Several years later, the biggest wildfire in U.S. history swept through Wisconsin. As millions of acres were consumed and thousands of lives were lost, believers flocked to the tiny chapel to beg Mary for protection. And in their most desperate hour came pouring rain.
One written account says the people suddenly found themselves in a sea of emerald green surrounded by an ocean of ash, but their shrine and beloved chapel were completely untouched.
Champion residents more or less had the shrine to themselves until this past December, when the bishop of Green Bay made an unprecedented decision to put the Catholic stamp of approval on Brise's vision.

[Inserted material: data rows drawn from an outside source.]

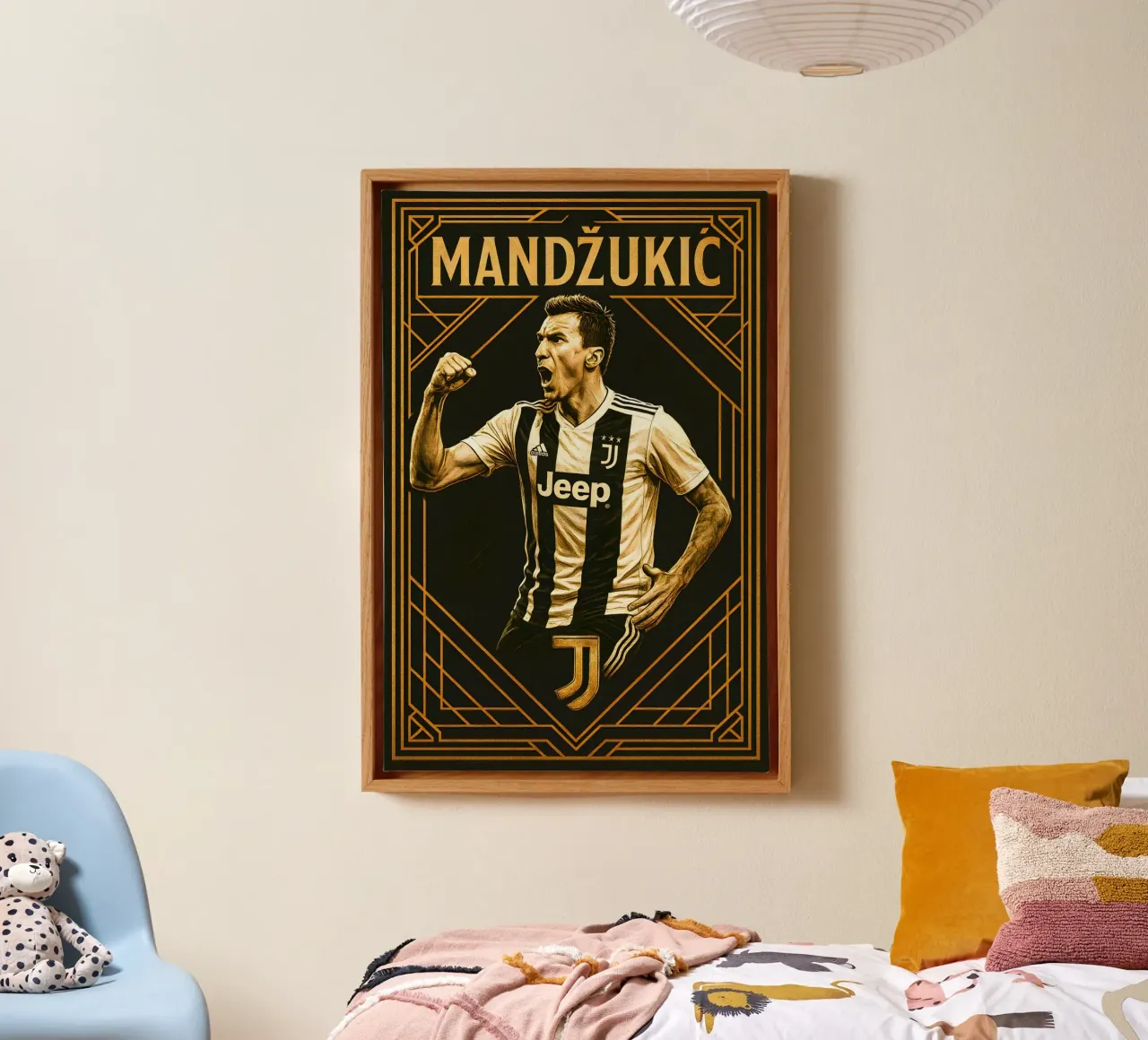 Mario Mandzukic tela con Cornice a cassetta da Cyberpunk Canvas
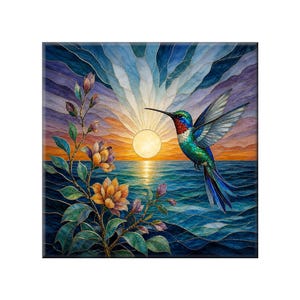 May include: A square wall art piece featuring a stained glass style illustration of a hummingbird in flight. The scene depicts a vibrant sunrise over a blue ocean with orange and yellow flowers on a green stem in the foreground and purple sky.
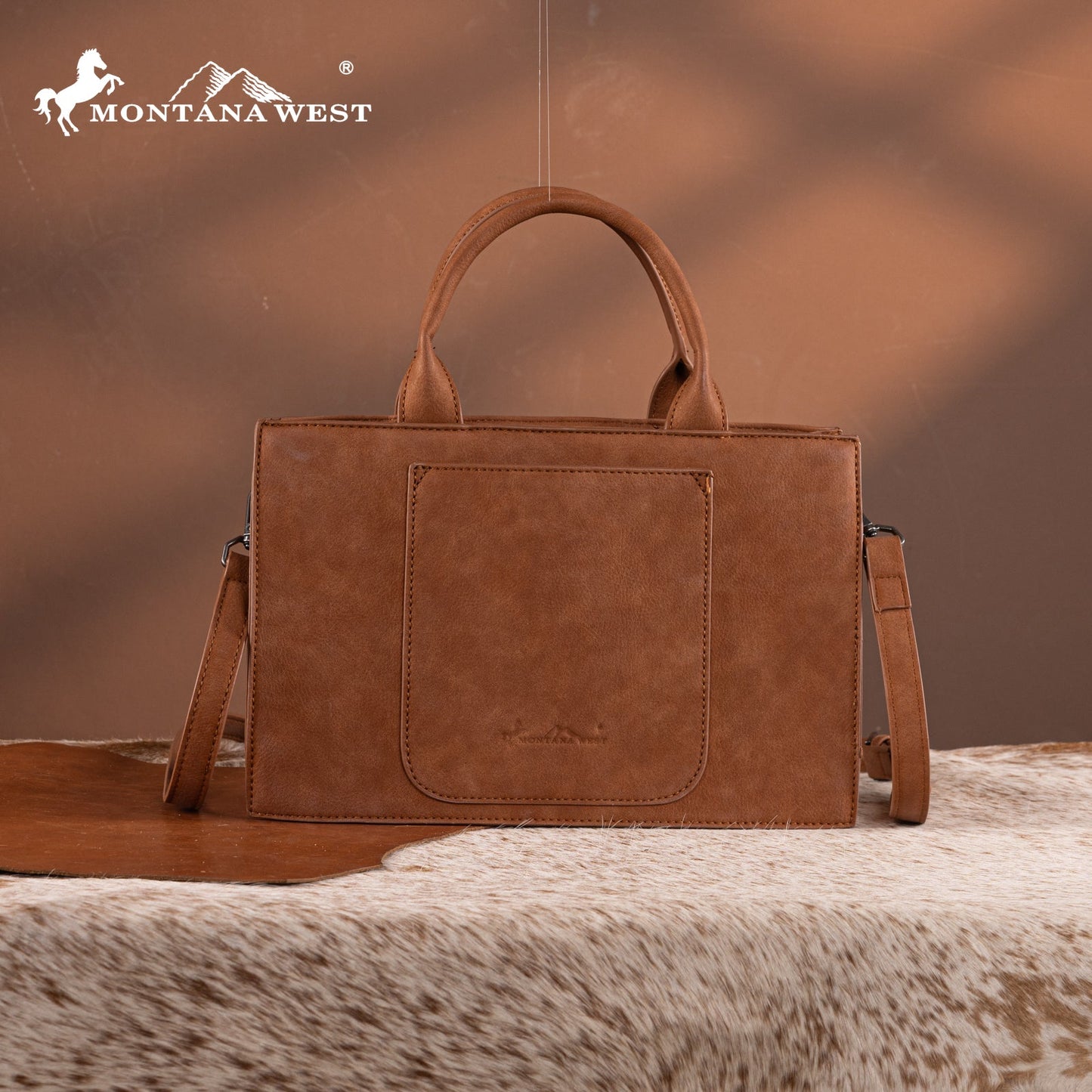 MW1323-8011  Montana West Tooled Collection Tote/Crossbody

The bishop employed three independent investigators, called mariologists, to confirm the legitimacy of Brise's apparition. After going through an official church checklist -- Did Brise imagine this event? Could it have been linked to mental illness? -- they determined she was telling the truth. Since then, thousands more have flocked to the tiny chapel in hopes of a miracle, including the Andersons.
"We're absolutely convinced of it," Jennie Anderson said. "It's our faith in God, and that's what we believe."